Mehr Räder als Köpfe
Um überfüllte Fahrradabstellplätze am Amsterdamer Hauptbahnhof zu entlasten, wird in der niederländischen Hauptstadt nun eine Unterwasser-Fahrradgarage eröffnet. 7000 Fahrräder werden dort ab 26. Jänner Platz finden und in der Untergrund "verbannt". Die Verkehrslösung ist dringend nötig. Das Fahrrad ist das beliebteste Fortbewegungsmittel in den Niederlanden. 36 Prozent der Strecken werden mit dem Drahtesel zurückgelegt, im Land gibt es mehr Räder als Köpfe, sprich: 23,4 Millionen Fahrräder und 17,8 Millionen Menschen. Besonders beliebt ist das "fiets", so das Fahrrad auf Niederländisch, in Amsterdam. Die Stadt zählt über eine halbe Million Fahrten pro Tag.
Das führt natürlich, neben wünschenswerten Effekten wie weniger CO₂-Emissionen oder leisere Straßen, auch zu Herausforderungen: Auch wenn die Bikes nur ein Zehntel des Platzes eines geparkten SUV benötigen, wird der Platz mancherorts eng. Als Reaktion auf den Platzmangel reagierte die niederländische Stadt Utrecht bereits 2019 mit dem Bau eines gigantischen Fahrradparkhauses am Bahnhof Utrecht Centraal. Mit 12.500 Stellplätzen ist die Garage das größte Fahrradparkhaus der Welt.
60 Millionen Euro-Bauprojekt
Auch am Vorplatz des Amsterdamer Hauptbahnhofs wird nun Abhilfe geschaffen. Hunderte abgestellte Räder – einige davon herrenlos und verrostet – sorgen bei Anrainern für Ärger. Denn wichtiger öffentlicher Raum wird Fußgängern, Touristen und Menschen mit Behinderungen dadurch vorenthalten. Der Platz wurde zum Symbol der Verkehrswende – im Positiven wie im Negativen Sinn.
Nach vier Jahren Bauzeit wird das Unterwasser-Bauprojekt Ende Jänner fertiggestellt. Fahrräder können dort für 24 Stunden kostenlos abgestellt werden. Jeder weiterer Tag kostet 1,35 Euro. Gekostet hat die Fertigstellung, samt Ablassens eines Wassersees vor dem Bahnhof, 60 Millionen Euro.

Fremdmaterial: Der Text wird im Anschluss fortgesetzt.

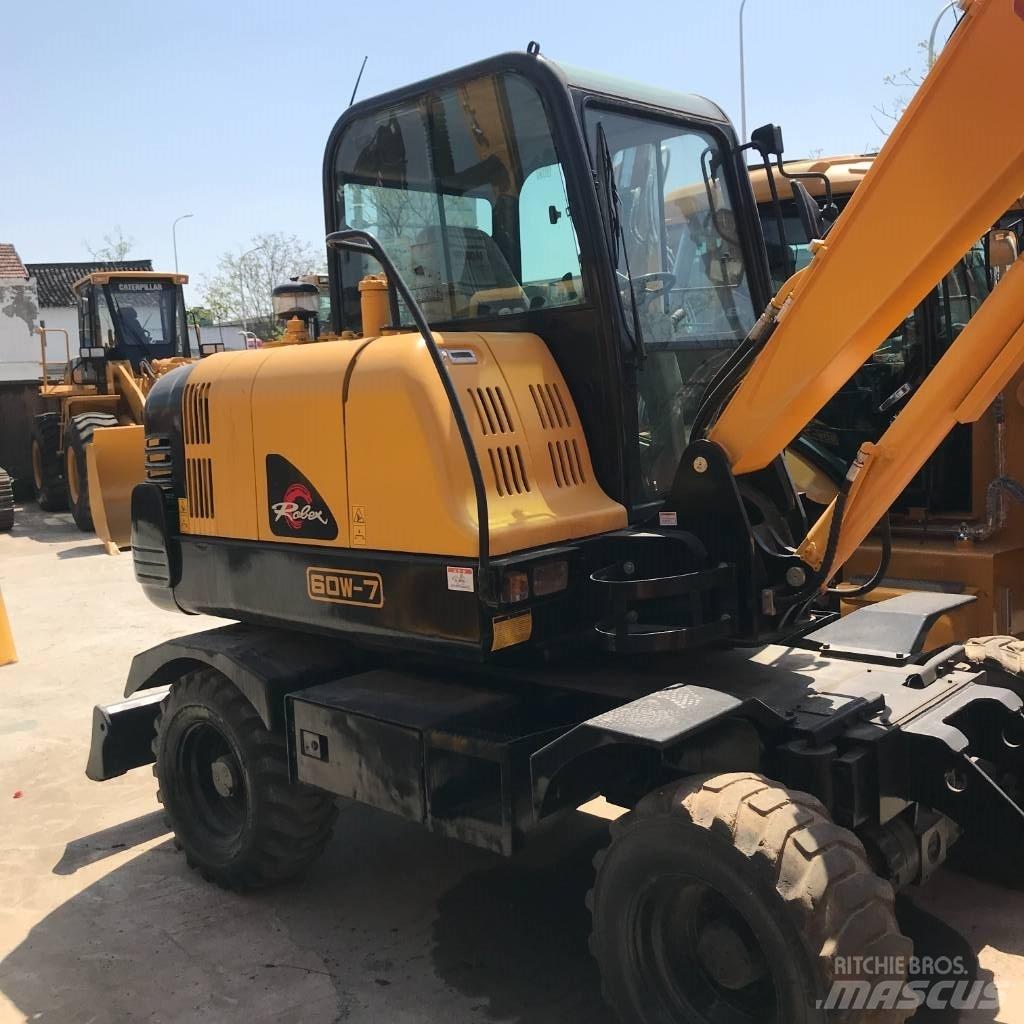 Hyundai 60 W Gumikerekes kotrók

"Es ist ein schönes Projekt, weil es kein Fahrradprojekt ist", sagte der Direktor des Urban Cycling Institute an der Universität Amsterdam, Marco te Brömmelstroet, gegenüber dem "Guardian". "Es macht den wahren (und oft unsichtbaren) Erfolgsfaktor der niederländischen Mobilitäts- und Raumpolitik sichtbar: die Fahrrad-Zug-Kombination." Laut dem Mobilitätsexperten sei das Bauprojekt ein Beispiel für eine gelegene Verkehrswende, die nun einen weiteren Schritt Richtung Modernisierung vollziehe.
Bei der Unterwasser-Garage geht es nämlich neben der Beseitigung von Platzmängeln auch darum, Radfahrer und Radfahrerinnen auf der "letzten Meile" zu unterstützen, sprich: den Pendler-Verkehr mit Rad und Zug zu fördern.